On scaling of mass entrainment in separated shear layers: the footprint of the incoming boundary layer

Abstract

We experimentally investigate the effects on scaling of separating/reattaching flows of the ratio δe/h, where δe is the thickness at separation of the incoming boundary layer and h the characteristic cross-stream scale of the flow. In the present study, we propose an original approach based on mean mass entrainment, which is the driving mechanism accounting for the growth of the separated shear layer. The focus is on mass transfer at the Turbulent/Non-Turbulent Interface (TNTI). In particular, the scaling of the TNTI, which is well documented in turbulent boundary layers, is used to trace changes in the scaling properties of the flow. To emphasise the influence of the incoming boundary layer, two geometrically similar, descending ramps with sizeably different heights h but fundamentally similar values of δe are compared. The distribution in space of the TNTI highlights a sizeable footprint of the incoming boundary layer on the separated flow, the scaling of which results of the competition between h and δe. On the basis of a simple mass budget within the neighbourhood of separation, we propose to model this competition by introducing the scaling factor Ch,δ = 1 + δe/h.
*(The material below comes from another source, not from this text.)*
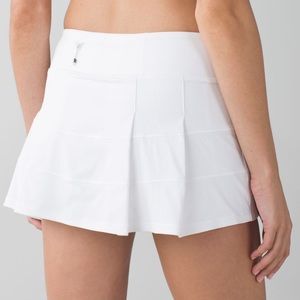Lululemon Pace Rival skirt in white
With this model, we demonstrate that the relationship between shear layer growth and mass entrainment rates established for free shear layers (i.e. δe = 0) might be extended to flows where δe/h > 0. Since many control systems rely on mass entrainment to modify separation properties, our findings suggest that the parameter δe/h needs to be taken into account when choosing the most relevant strategies for controlling or predicting separating/reattaching flows.